No verified exploit code is reproduced here. See the GitHub PoC Repository and VulDB Vulnerability #360817 for technical artifacts.
Detection Methods for CVE-2026-7669
Indicators of Compromise
- Unexpected child processes or outbound network connections originating from the SGLang Python process after a model load
- Presence of auto_map entries in tokenizer_config.json of cached HuggingFace models under ~/.cache/huggingface/
- Loaded modules in the SGLang process with paths inside HuggingFace cache directories rather than site-packages
- Filesystem writes or credential access from the inference worker shortly after a new model identifier is requested
Detection Strategies
- Audit all SGLang model load requests and correlate the model repository identifier against an allowlist of trusted publishers
- Inspect tokenizer_config.json for any auto_map keys before permitting a model into the serving environment
- Hook or instrument AutoTokenizer.from_pretrained to log the effective trust_remote_code value and alert on True when the caller passed False
- Monitor for Python import events sourced from cache paths using EDR or eBPF-based file-execution telemetry
Monitoring Recommendations
- Forward SGLang stdout, stderr, and Python audit hook events into a centralized log pipeline for retention and analytics
- Alert on any process spawned by the inference worker that is not in a known-good baseline (shell, curl, wget, ssh)

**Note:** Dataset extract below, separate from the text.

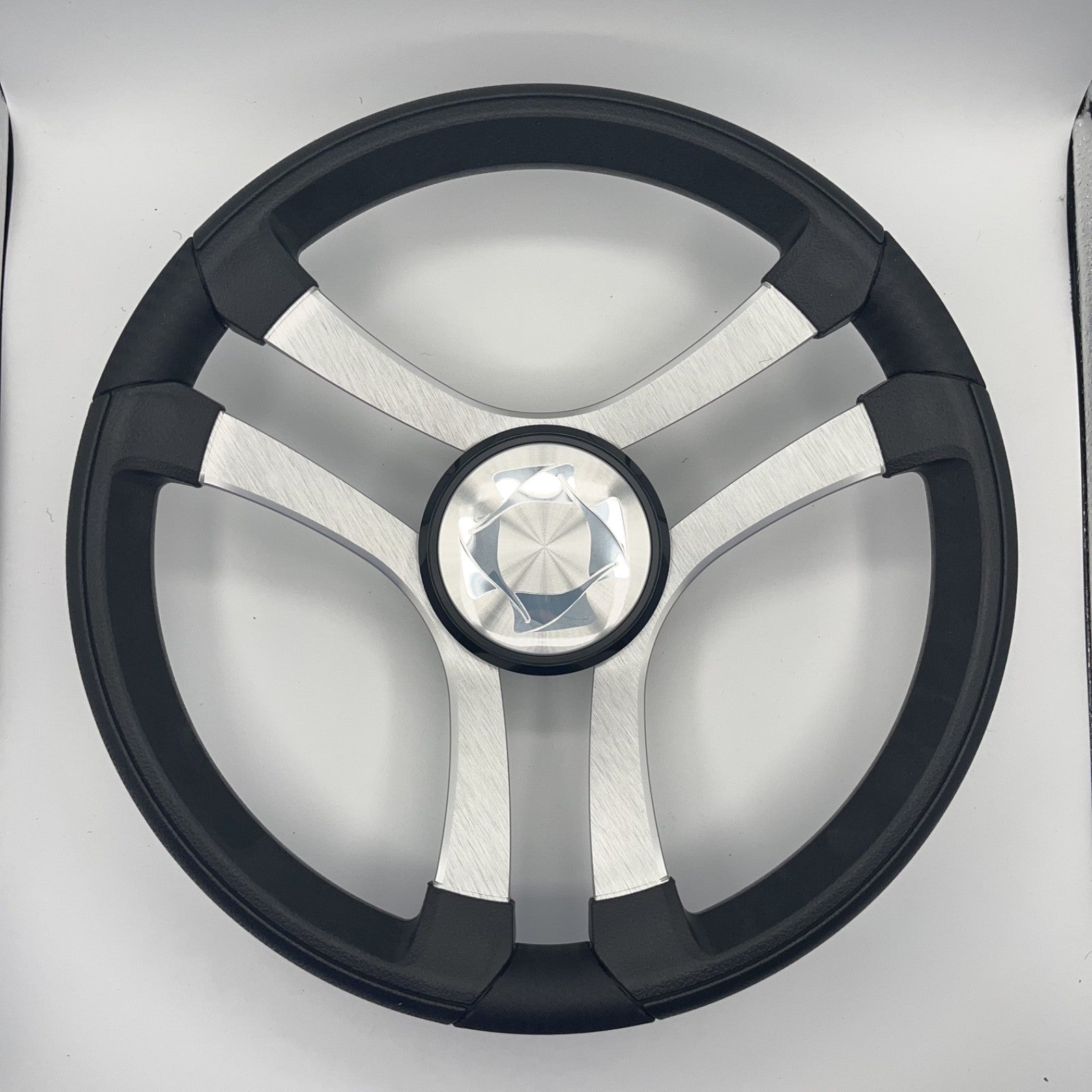 Benaco Boat Steering Wheel Brushed Aluminum Spokes | Stingray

- Track egress connections from inference hosts to non-HuggingFace destinations during model bootstrap windows
How to Mitigate CVE-2026-7669
Immediate Actions Required
- Restrict SGLang deployments to load only models from a vetted internal registry or specific allowlisted HuggingFace repositories
- Run SGLang inference workers as unprivileged users inside containers with read-only filesystems and no outbound internet beyond model registries
- Pre-fetch and audit tokenizer artifacts in an isolated environment, rejecting any model whose tokenizer_config.json contains an auto_map entry
- Block or proxy huggingface.co traffic from production inference hosts and serve approved models from an internal mirror
Patch Information
No vendor patch has been published for SGLang at the time of NVD disclosure. The vendor was contacted prior to public disclosure but did not respond. Track the VulDB Vulnerability #360817 entry and the SGLang project for upstream fixes, and pin to a fixed release once available.
Workarounds
- Patch get_tokenizer locally to remove the fallback that re-invokes AutoTokenizer.from_pretrained with trust_remote_code=True
- Downgrade transformers below v5 if compatibility allows, since the TokenizersBackend fallback path is the trigger
- Wrap AutoTokenizer.from_pretrained with a monkeypatch that forces trust_remote_code=False regardless of internal callers
- Strip auto_map from any cached tokenizer_config.json before loading
# Configuration example: scan cached tokenizer configs for auto_map abuse
find ~/.cache/huggingface -name 'tokenizer_config.json' \
-exec grep -l '"auto_map"' {} \;
# Run SGLang with a hardened wrapper that pins trust_remote_code=False
export HF_HUB_OFFLINE=1
export TRANSFORMERS_OFFLINE=1
python -m sglang.launch_server --model-path /opt/models/approved/llama-3 \
--tokenizer-mode slow
Disclaimer: This content was generated using AI. While we strive for accuracy, please verify critical information with official sources.